## Data extracts
»»
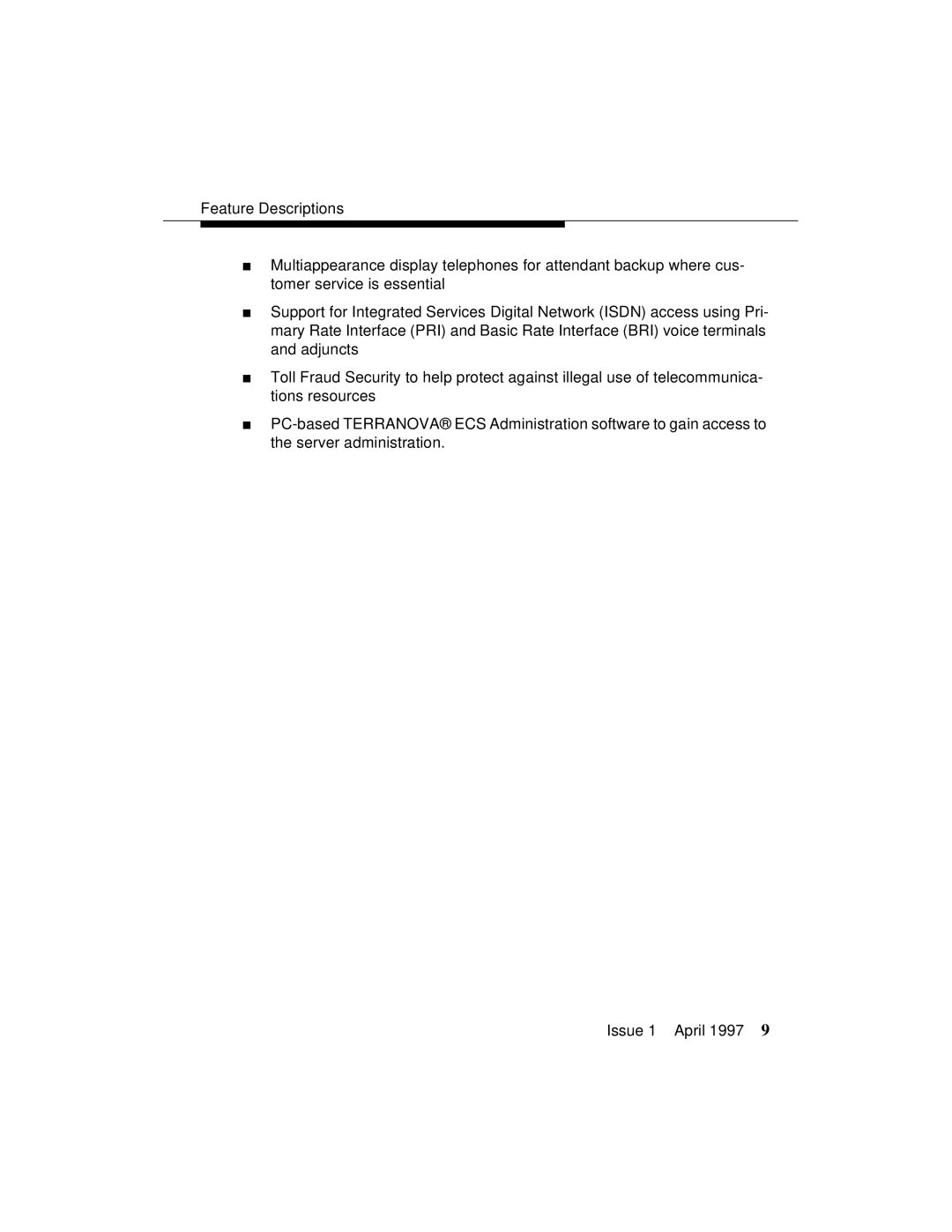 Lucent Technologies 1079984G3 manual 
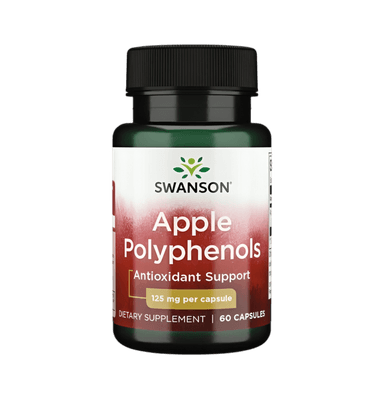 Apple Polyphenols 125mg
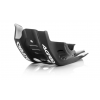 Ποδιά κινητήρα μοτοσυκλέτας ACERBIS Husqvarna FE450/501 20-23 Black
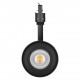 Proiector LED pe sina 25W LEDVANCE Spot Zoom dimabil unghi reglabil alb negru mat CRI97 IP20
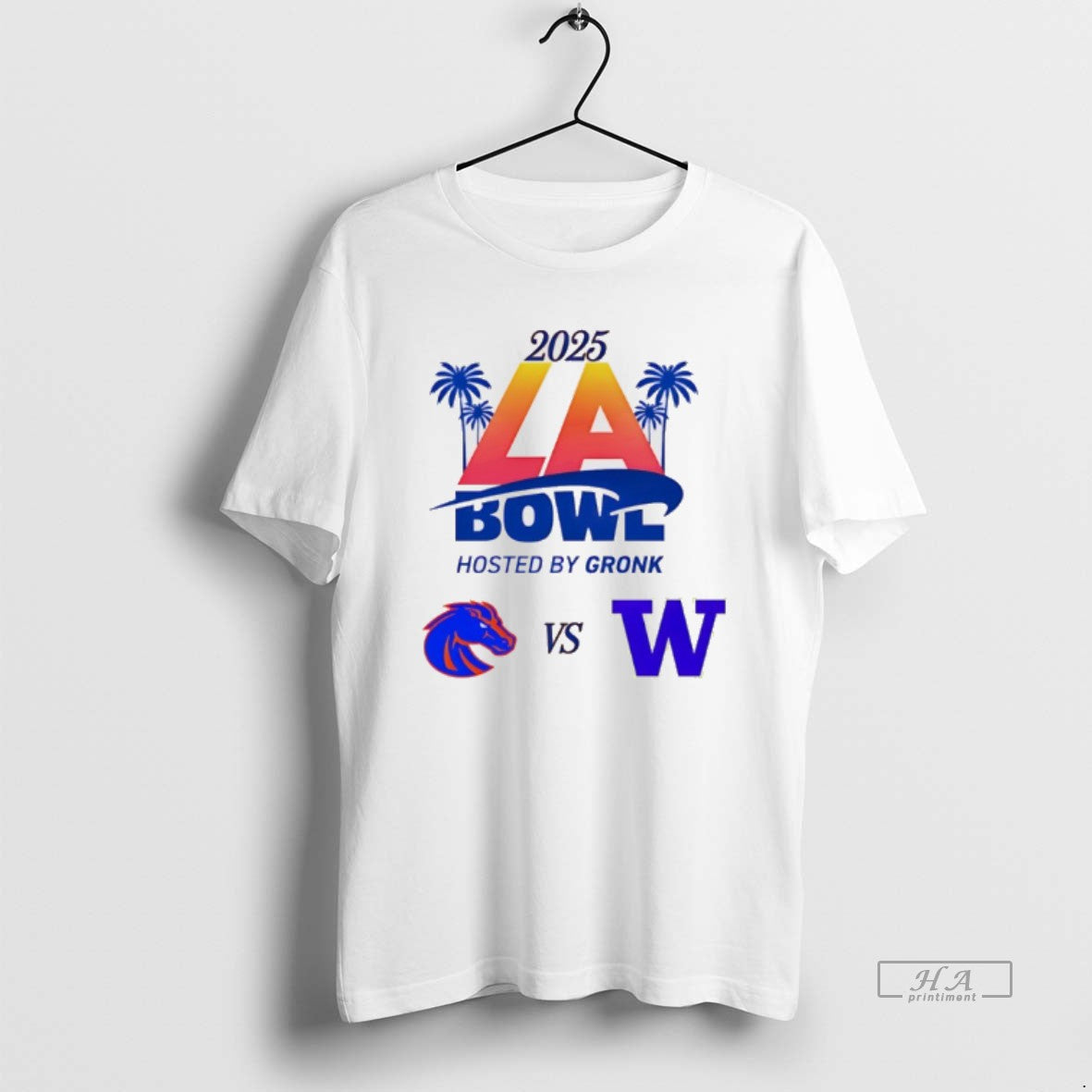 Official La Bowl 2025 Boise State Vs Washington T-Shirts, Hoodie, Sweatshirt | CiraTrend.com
««
»»
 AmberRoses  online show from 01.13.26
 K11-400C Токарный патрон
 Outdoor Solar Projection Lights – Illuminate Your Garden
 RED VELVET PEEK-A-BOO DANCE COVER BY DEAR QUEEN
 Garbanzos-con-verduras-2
««
»»
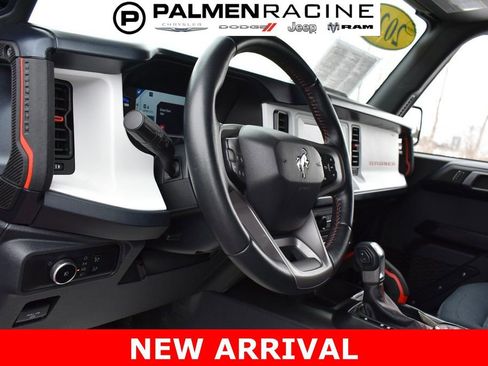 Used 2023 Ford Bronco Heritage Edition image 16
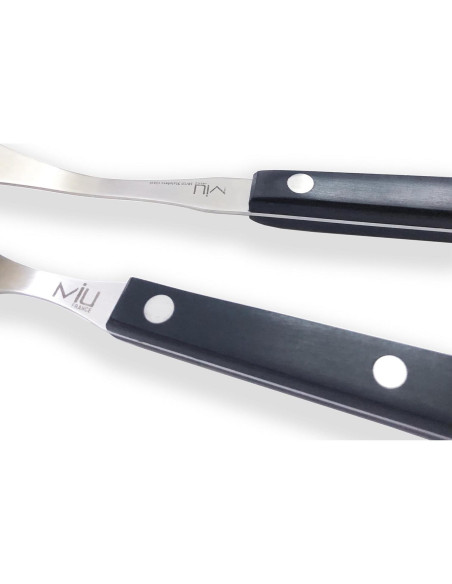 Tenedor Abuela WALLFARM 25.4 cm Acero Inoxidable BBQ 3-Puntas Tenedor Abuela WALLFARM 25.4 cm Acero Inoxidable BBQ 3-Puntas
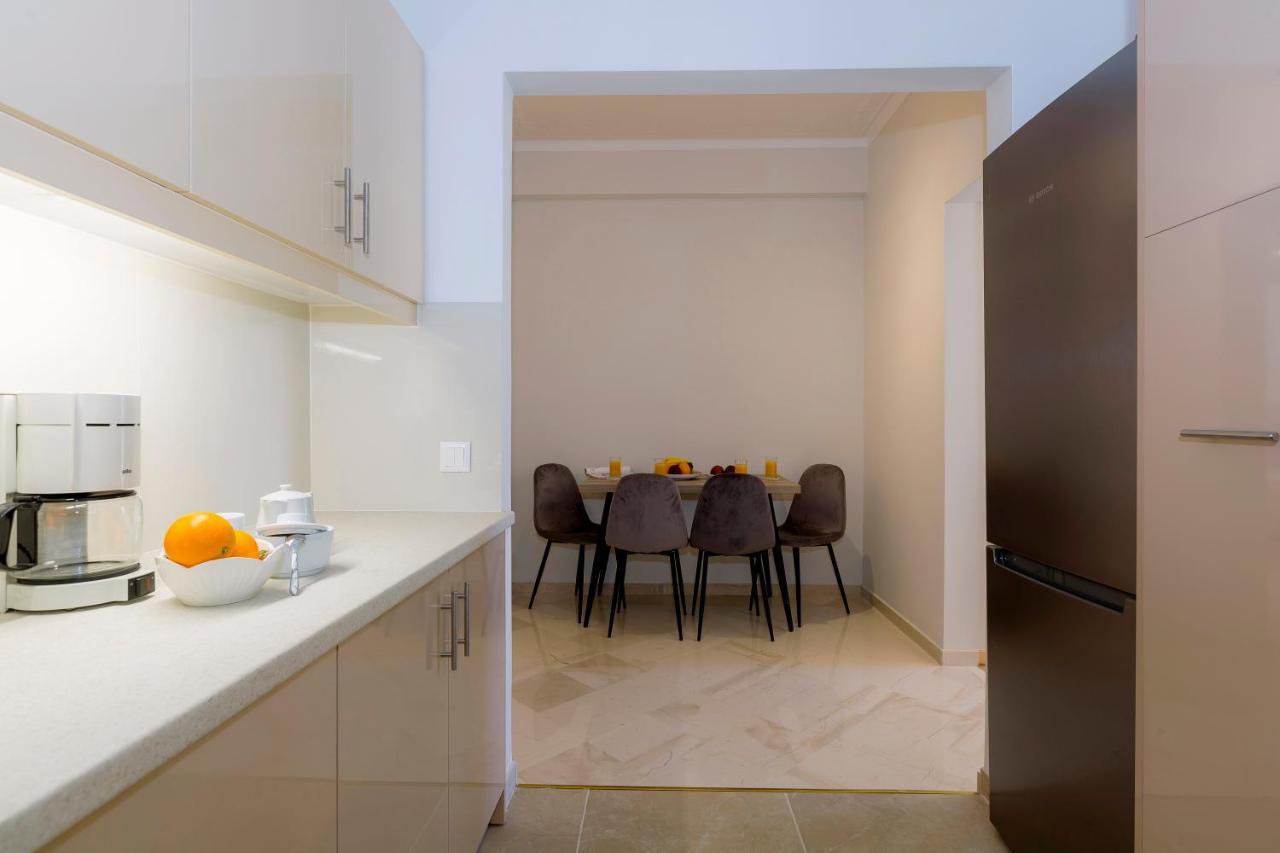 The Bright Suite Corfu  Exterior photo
««
Among the lines above, the one with "Lucent Technologies 1079984G3 manual" opens the part to repeat and the one with "Official La Bowl" closes it; repeat only that part exactly, with no pictures.

## Result of the task
 Lucent Technologies 1079984G3 manual 
 Apple Polyphenols 125mg
 Ποδιά κινητήρα μοτοσυκλέτας ACERBIS Husqvarna FE450/501 20-23 Black
 Proiector LED pe sina 25W LEDVANCE Spot Zoom dimabil unghi reglabil alb negru mat CRI97 IP20
 Official La Bowl 2025 Boise State Vs Washington T-Shirts, Hoodie, Sweatshirt | CiraTrend.com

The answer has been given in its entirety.